Thanks! How is 35mm for event?


----------



## sujoyp (Mar 22, 2014)

my 50mm is Nikon AF 50mm 1.8 (Non-D) and the 55mm micro is from film era

@house 35mm is good for events like birthday or marrige...but not road shows or music events


----------



## Dr. House (Mar 22, 2014)

Yeah! ofc I mean for nearby images. Thanks again


----------



## Dr. House (Mar 30, 2014)

Arranged money now.

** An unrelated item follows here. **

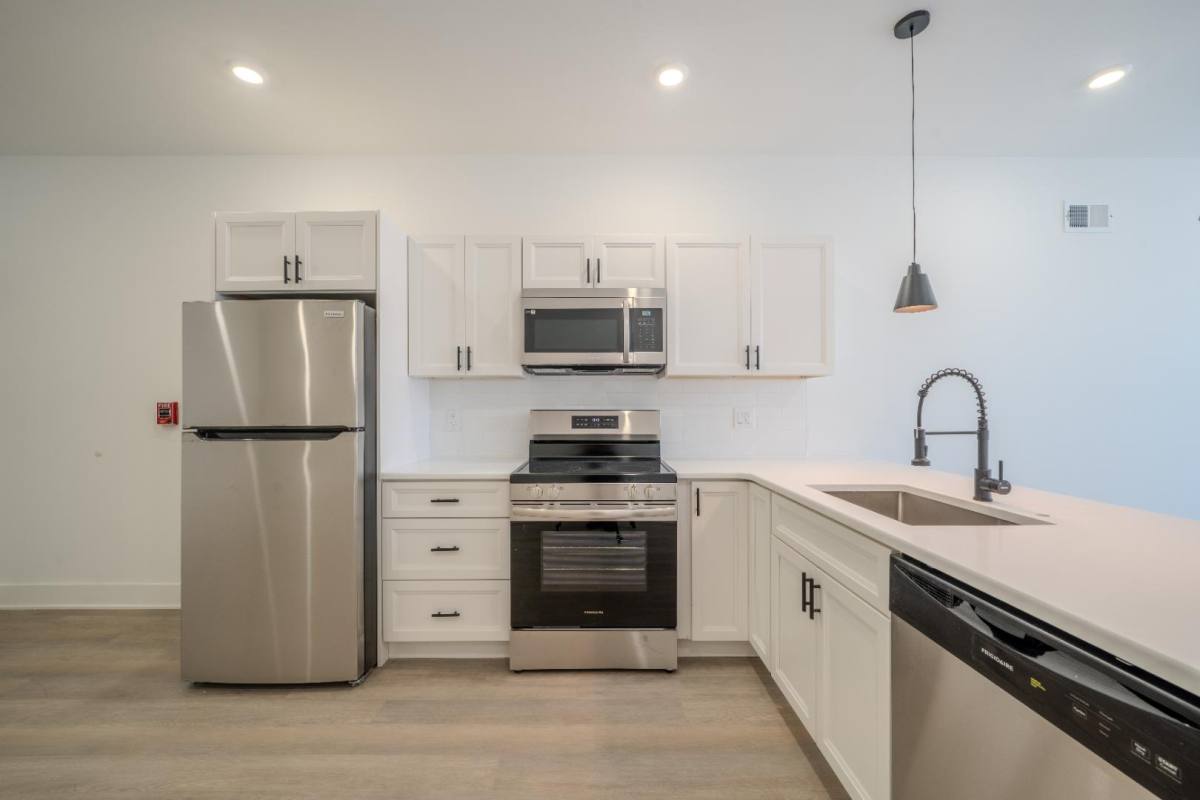 Apartment for rent at 1710 N 24th St #1, Philadelphia, PA 19121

I'm gonna order 35mm f/1.8 as soon as possible.
I found out it is also great for street photography, it's an overall multipurpose camera.
[YOUTUBE]X17Tba_azxQ[/YOUTUBE]

- - - Updated - - -

One of my friend made me confuse by telling me 50mm will have sharper and will have better depth of field. 
35mm is a bit worse than 50mm in terms of image quality and performance.


----------



## nac (Mar 30, 2014)

See... sujoy likes when you're confused


----------



## Dr. House (Mar 31, 2014)

nac said:


> See... sujoy likes when you're confused



No, he liked the video that I posted yesterday. I updated my confusion today at noon. 

- - - Updated - - -

Maybe because it's quite difficult to decide lens online without using them in hands.


----------



## sujoyp (Mar 31, 2014)

bro just take out your 18-55 ...put it on 35mm and shoot for sometime ...then put it on 50mm and shoot ...see which one you like better ...and about optics...its just like 35mm is 9.5 and 50mm is 10 thats all ...there is no big difference...if you are still confused check flickr for images taken by them


----------



## Dr. House (Apr 18, 2014)

35mm is really awesome. It is sharp and gives heavy bokeh.


----------



## sujoyp (Apr 18, 2014)

thats great news...share some pics bro


----------